Ada 3 jenis kegiatan yang diusulkan BKM Maju Makmur Pleret, yang diperuntukkan bagi korban gempa (terutama warga miskin):
1. Memberikan bantuan bahan dan peralatan usaha
2. Memberikan bantuan pinjaman modal
3. Mengadakan pelatihan ketrampilan, pertukangan, pembuatan batako dari reruntuhan bangunan dan memasak.
Pada saat itu ada 243 proposal yang masuk ke UNDP berasal dari Lembaga Swadaya Masyarakat, Perguruan Tinggi, Pusat Studi Wanita, Yayasan, Koperasi, Badan Keswadayaan masyarakat (BKM) dan bahkan dari Lembaga International. Dari jumlah tersebut 20 proposal yang dinyatakan lolos.
Dua diantaranya dari BKM Maju Makmur Pleret Bantul dan BKM Citra Darma Tri Mulyo Jetis Bantul. Program yang diajukan BKM Maju Makmur dan disetujui UNDP nilainya sebesar Rp 249.884.000,-.
Penandatanganan kontrak dengan UNDP dilakukan pada hari rabu tanggal 29 November 2006.

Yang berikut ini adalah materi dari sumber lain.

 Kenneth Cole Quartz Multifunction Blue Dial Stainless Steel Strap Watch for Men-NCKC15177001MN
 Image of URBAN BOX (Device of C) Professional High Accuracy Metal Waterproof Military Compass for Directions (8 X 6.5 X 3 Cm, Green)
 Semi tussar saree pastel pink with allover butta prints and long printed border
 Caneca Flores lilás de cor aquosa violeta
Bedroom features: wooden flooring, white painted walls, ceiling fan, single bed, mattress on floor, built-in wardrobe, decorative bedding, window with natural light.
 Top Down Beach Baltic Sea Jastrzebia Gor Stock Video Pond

Program BKM untuk rehabilitasi dan rekonstruksi Pada tanggal 3 Juli 2006 , Presiden Republik Indonesia mengumumkan berakhirnya fase tanggap darurat di wilayah DIY dan Jawa Tengah. Pemerintah telah merumuskan Rencana Aksi Rehabilitasi dan Rekontruksi Pasca bencana di DI Yogyakarta dan Jawa Tengah, yang selanjutnya disebut Rencana Aksi. Rencana aksi memuat tiga unsur utama :
• Pemulihan perumahan dan pemukiman
• Pemulihan infrastruktur publik
• Pemulihan ekonomi
Untuk mendukung program-program pemerintah tersebut, maka BKM Maju Makmur Desa Pleret telah mengambil langkah kebijakan sebagai berikut :
1. Bidang Kelembagaan: merevisi PJM nangkis, yang meliputi tiga pendekatan, yaitu: bidang ekonomi, lingkungan dan sosial.
2. Bidang Ekonomi
• Penundaan angsuran pinjaman, penjadwalan ulang pengembalian kredit.

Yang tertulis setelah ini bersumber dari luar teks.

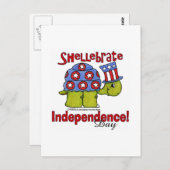 Turtle Shellebrate Unabhängigkeitstag! Postkarte (Vorne/Hinten)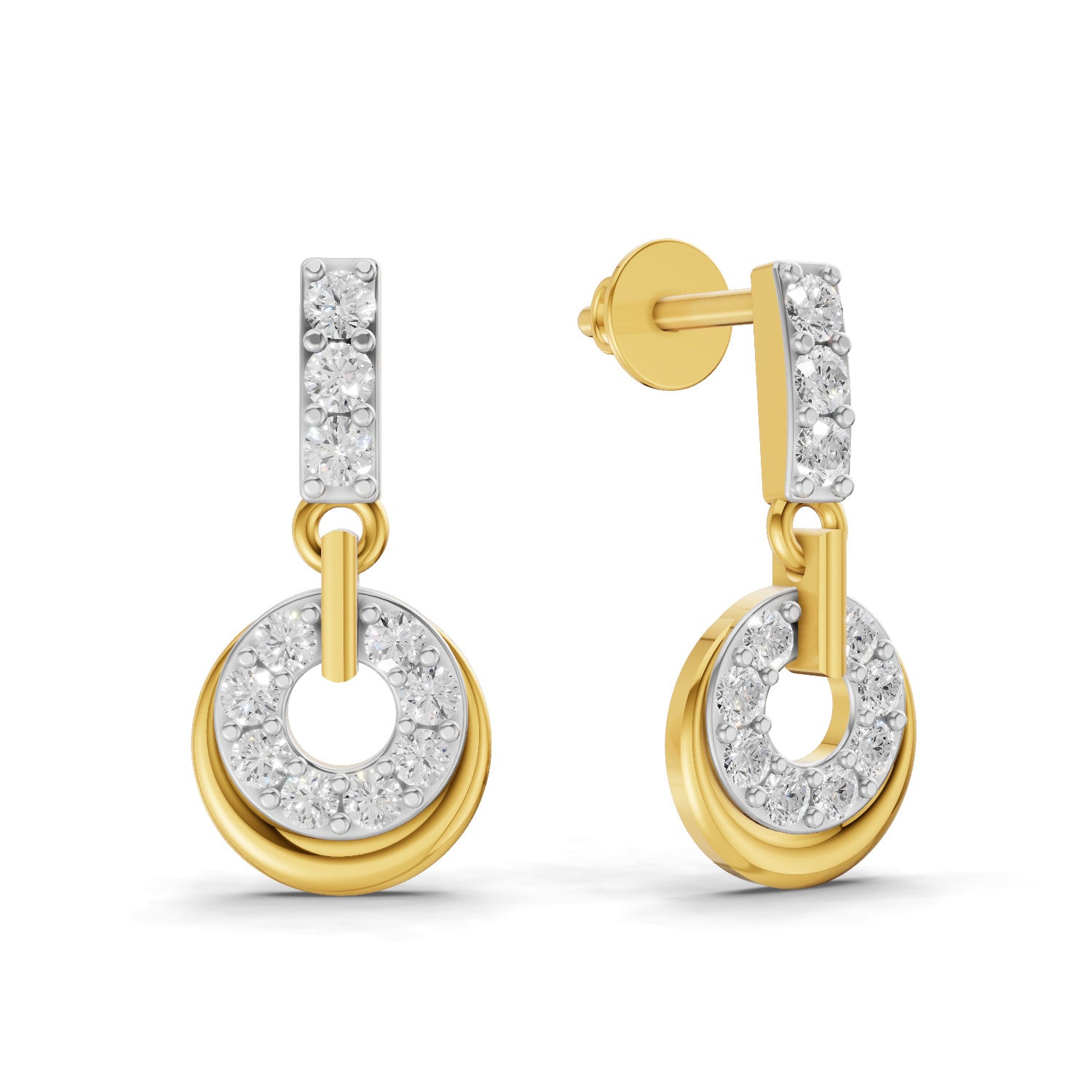 0.35 Carat  | 925 Sterling Silver Gold Plated Fashion Earrings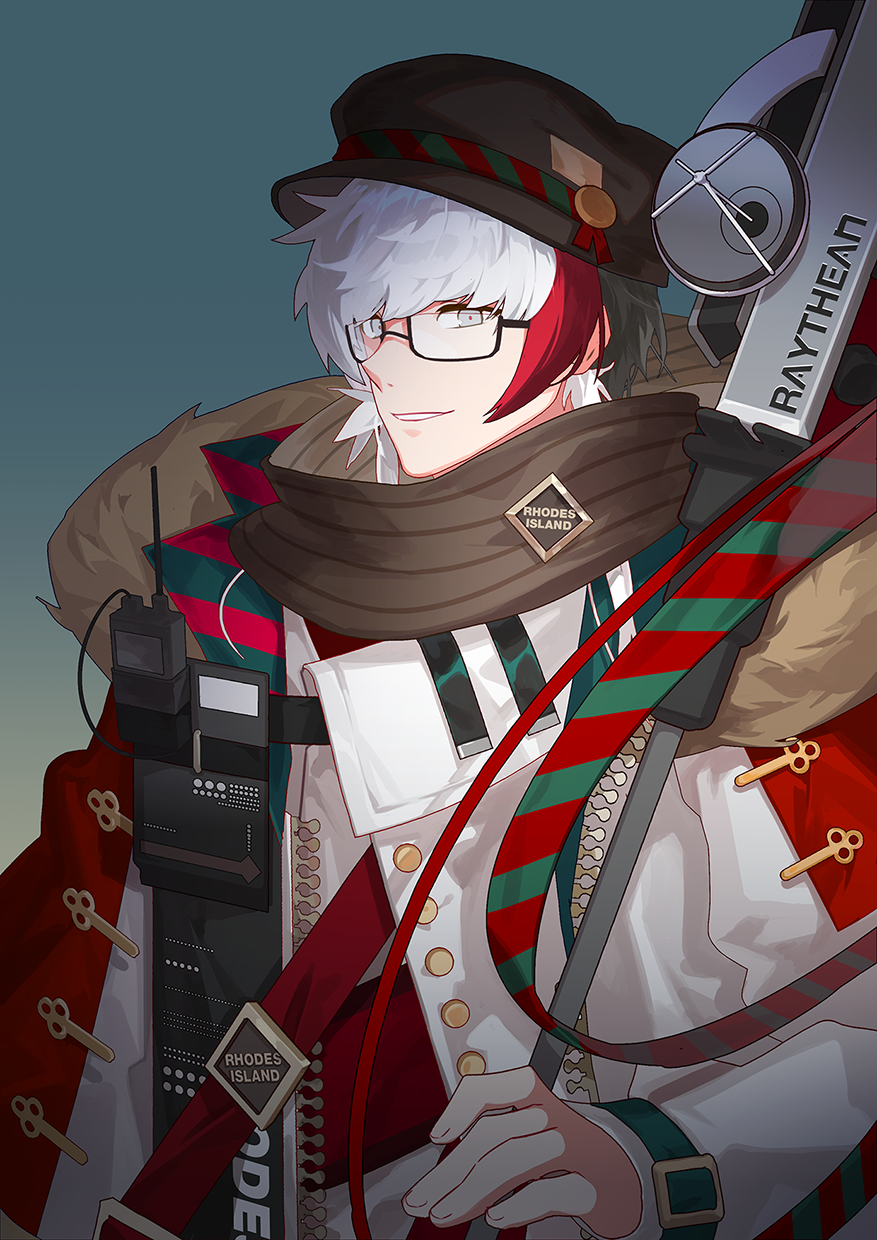 1boy arknights bespectacled black_hair black_headwear blue_background capelet commentary elysium_(arknights) elysium_(snowy_echo)_(arknights) fur-trimmed_jacket fur_trim glasses gradient_background green_scarf grey_eyes hat highres holding holding_polearm holding_weapon jacket looking_at_viewer male_focus multicolored_hair nsi_(2312_0120) official_alternate_costume polearm rectangular_eyewear red_capelet red_scarf redhead scarf smile solo spear striped_clothes striped_scarf upper_body walkie-talkie weapon white_hair white_jacket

• Kerjasama dengan UNDP untuk program pemulihan sumber penghidupan bagi warga masyarakat korban bencana gempa bumi
3. Bidang Lingkungan: melakukan pendampingan bagi masyarakat yang memperoleh bantuan rumah permanen dari P2KP Peduli (Rekompak BDR/Bantuan dana rumah senilai Rp 20.000.000 per rumah) dan dari Rekompak BDL (Bantuan Dana Lingkungan senilai Rp. 200.000.000,- untuk membangun rumah transisi dari bambu) serta dari JRF (Java Reconstruction Fund) sebanyak 245 rumah permanen. Total dana pembangunan rumah permanen sebanyak Rp 7.460.000.000,-
4. Bidang Sosial
• Mengumpulkan dan membagikan zakat fitrah maupun zakat mal dari para dermawan lembaga formal, yang selanjutkan diberikan dalam bentuk santunan kepada warga miskin, yatim piatu, jompo dan para penyandang masalah sosial lainnya.
• Menyelenggarakan pelatihan bagi pengurus BKM, Pamong dan kader masyarakat dalam rangka penyegaran kembali tentang pengertian BKM maupun tugas pokok dan fungsi BKM dalam penanggulangan kemiskinan pasca gempa yang dilanjutkan dengan penyusunan revisi PJM.